To me, it seemed that Butler Mouldings (who built the Achilles) had made a woeful job of the tang - because not only was it cheap short-lived unprotected metal, but the angle that the tang had followed towards the stem, was much too horizontal (its remains are the dark mess just visible above my bow U-bolt in the 'finished' photo...

...so even new, it wasn't providing the secure down-force that my fix now does.

I'm really a big fan of epoxy, foul toxic stuff though it is. But my solution didn't use any adhesive - just a well-spread anchor-point in the strongest spot available.

I may have misunderstood your description, but if the 'fin' is damp rotten wood encapsulated by GRP, I believe I would cut it all away before fabricating a solution. That GRP may be fine, or very moist too, so why take a chance?

If the floor of your anchor locker is fairly solid (mine in the Achilles felt thin, tremoring like a drumskin when chain landed on it) then I guess you could spread the load to the floor by heavily glassing a triangle of some tough non-absorbant material like thick acetal, into the extreme bow...
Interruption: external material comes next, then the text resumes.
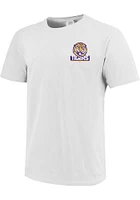 LSU Tigers White Ball Cap Stacked Short Sleeve T Shirt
...then regard the acetal as a reliable strong-point to which your forestay can be extended below the deck, using a short rigging-screw and eye-plates.

Personally, I think the fin introduced more problems than it solved, because as well as presenting only a narrow surface to resist upward forces on the underside of the deck, it also conceals any ingress by water through the deck at the forestay foot, and didn't leave anything to check visually, or any access to enable repair...

...the fact that this is the anchor locker, means if there is ingress through the forestay foot bolt-holes by rain or sea, the water will drain below without causing problems...whereas putting the connection with the forestay foot inside the fin, required 100% waterproofing, which failed.

Sorry, far too many words for clarity. I'll edit it down to nothing later when I've read it through. (y)
Dan, the OP proposed laminating up a piece of grp to replace the ply, and I think that's more suitable than acetal (which would be tricky to bond). An all grp web is a very strong thing, but I certainly agree on chopping it all out and grinding everything back for a good bond.
 
Yes, acetal doesn't stick to anything easily. I was imagining a block of it being enclosed and secured within heavy glassfibre, so that the screws to which the new 'tang' could be attached, could bite through the glassfibre into something which is both very strong and impervious to waterlogging; but maybe a stub of epoxy and glassfibre webbing will do that equally well...

...but (apart from its small 'footprint' on the deckhead) it would still largely rely for its resistance to upward loads, on the bond between new and very old glassfibre.

Aboard the Achilles, it never occurred to me to make a single solid structure encapsulating the tang, as I understand Samoddie's boat has - and in retrospect I still think there's benefit in keeping the bolt-holes in the deck (which must be subject to eventual gradual water ingress) separate from the anchor-point.